WHAT TO DO. Give again, word for word, every line below from the one that has "Penang Half-Day: George" through the one that has "Dining - Warnemünde, close", both included, and no others.

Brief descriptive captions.

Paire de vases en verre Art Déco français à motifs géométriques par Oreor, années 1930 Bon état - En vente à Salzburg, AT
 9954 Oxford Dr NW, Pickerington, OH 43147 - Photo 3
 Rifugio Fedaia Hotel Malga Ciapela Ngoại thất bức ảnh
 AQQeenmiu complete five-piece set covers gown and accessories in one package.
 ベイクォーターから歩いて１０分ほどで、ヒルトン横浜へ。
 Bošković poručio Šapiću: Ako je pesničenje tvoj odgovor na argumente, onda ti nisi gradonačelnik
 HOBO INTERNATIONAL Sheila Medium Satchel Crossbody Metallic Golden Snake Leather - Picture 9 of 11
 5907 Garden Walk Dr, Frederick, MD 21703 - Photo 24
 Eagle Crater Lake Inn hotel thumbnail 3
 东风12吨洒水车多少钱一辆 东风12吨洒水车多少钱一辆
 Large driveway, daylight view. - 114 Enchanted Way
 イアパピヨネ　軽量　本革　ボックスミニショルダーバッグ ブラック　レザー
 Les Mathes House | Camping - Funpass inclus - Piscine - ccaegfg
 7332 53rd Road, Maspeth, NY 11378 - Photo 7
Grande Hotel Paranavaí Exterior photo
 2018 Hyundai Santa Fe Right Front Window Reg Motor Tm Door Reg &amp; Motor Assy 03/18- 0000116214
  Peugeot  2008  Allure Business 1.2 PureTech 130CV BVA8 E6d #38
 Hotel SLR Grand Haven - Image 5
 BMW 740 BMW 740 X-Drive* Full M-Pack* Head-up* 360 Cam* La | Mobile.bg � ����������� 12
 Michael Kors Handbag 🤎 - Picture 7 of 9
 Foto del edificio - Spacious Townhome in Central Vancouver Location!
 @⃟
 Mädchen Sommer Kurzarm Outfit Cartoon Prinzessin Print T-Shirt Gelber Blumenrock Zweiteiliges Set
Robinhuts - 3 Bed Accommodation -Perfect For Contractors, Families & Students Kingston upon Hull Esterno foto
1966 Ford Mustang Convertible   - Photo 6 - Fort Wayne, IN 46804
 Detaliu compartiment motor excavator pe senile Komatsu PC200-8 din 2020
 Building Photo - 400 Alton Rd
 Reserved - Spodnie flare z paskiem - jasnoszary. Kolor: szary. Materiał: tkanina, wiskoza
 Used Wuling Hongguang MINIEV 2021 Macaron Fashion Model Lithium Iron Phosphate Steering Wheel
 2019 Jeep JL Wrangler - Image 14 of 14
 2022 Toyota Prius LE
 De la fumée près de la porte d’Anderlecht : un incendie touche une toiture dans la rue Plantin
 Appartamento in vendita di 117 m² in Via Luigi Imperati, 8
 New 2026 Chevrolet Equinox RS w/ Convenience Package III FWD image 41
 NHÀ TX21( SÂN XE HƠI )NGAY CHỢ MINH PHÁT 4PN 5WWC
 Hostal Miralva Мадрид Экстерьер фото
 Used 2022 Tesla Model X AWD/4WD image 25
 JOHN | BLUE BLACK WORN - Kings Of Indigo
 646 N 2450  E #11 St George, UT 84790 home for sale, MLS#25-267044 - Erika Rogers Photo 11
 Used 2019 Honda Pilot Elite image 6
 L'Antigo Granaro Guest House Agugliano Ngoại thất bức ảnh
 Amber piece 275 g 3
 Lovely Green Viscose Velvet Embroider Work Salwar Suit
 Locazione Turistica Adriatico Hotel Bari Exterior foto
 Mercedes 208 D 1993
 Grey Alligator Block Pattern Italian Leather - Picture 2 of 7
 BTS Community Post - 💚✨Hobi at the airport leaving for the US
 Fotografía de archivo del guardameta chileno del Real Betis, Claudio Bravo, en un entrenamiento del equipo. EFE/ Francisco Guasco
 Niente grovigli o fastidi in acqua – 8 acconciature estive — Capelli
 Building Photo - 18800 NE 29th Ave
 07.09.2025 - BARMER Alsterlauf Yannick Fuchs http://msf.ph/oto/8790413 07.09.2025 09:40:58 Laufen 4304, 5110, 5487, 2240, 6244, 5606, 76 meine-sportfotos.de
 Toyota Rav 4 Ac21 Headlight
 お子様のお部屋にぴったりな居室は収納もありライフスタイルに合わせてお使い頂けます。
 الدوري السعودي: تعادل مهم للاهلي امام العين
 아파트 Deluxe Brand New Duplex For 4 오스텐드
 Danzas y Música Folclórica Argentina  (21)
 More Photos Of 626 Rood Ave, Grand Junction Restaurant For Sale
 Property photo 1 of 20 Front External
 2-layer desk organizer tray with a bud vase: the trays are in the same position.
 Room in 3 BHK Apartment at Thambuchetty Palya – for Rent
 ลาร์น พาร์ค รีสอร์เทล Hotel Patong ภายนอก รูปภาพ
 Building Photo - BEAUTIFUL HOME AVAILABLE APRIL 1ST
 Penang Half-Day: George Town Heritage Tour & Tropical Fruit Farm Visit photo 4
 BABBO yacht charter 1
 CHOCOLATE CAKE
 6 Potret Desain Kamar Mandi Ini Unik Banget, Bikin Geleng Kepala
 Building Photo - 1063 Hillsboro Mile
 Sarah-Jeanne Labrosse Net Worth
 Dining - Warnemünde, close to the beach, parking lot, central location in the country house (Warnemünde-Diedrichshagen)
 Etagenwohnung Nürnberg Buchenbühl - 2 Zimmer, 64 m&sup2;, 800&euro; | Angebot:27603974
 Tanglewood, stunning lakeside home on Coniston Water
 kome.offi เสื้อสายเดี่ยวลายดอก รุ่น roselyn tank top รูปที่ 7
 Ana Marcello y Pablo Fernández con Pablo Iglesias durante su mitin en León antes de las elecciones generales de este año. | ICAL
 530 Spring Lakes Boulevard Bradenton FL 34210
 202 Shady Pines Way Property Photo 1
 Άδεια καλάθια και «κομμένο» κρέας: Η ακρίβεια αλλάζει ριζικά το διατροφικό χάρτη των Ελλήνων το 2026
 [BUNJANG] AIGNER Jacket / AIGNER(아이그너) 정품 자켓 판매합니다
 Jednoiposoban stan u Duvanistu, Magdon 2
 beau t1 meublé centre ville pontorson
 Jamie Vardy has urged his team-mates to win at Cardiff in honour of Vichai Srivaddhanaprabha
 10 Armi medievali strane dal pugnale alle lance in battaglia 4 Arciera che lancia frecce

RESULT OF THE TASK.
 Penang Half-Day: George Town Heritage Tour & Tropical Fruit Farm Visit photo 4
 BABBO yacht charter 1
 CHOCOLATE CAKE
 6 Potret Desain Kamar Mandi Ini Unik Banget, Bikin Geleng Kepala
 Building Photo - 1063 Hillsboro Mile
 Sarah-Jeanne Labrosse Net Worth
 Dining - Warnemünde, close to the beach, parking lot, central location in the country house (Warnemünde-Diedrichshagen)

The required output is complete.